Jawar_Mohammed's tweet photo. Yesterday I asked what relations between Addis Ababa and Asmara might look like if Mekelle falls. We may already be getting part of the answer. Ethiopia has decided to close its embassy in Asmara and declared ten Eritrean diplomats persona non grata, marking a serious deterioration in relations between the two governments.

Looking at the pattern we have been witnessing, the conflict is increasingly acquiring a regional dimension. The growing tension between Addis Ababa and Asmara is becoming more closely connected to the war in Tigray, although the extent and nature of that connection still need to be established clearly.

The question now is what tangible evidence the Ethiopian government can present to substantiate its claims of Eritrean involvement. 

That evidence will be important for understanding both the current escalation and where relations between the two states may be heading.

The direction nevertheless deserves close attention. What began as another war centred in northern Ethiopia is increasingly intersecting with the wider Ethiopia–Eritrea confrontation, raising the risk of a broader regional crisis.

--------------------

Try it: Tally the lines in the listing that hold the string "Eritrean"; your reply is that total alone.

Completed task: 2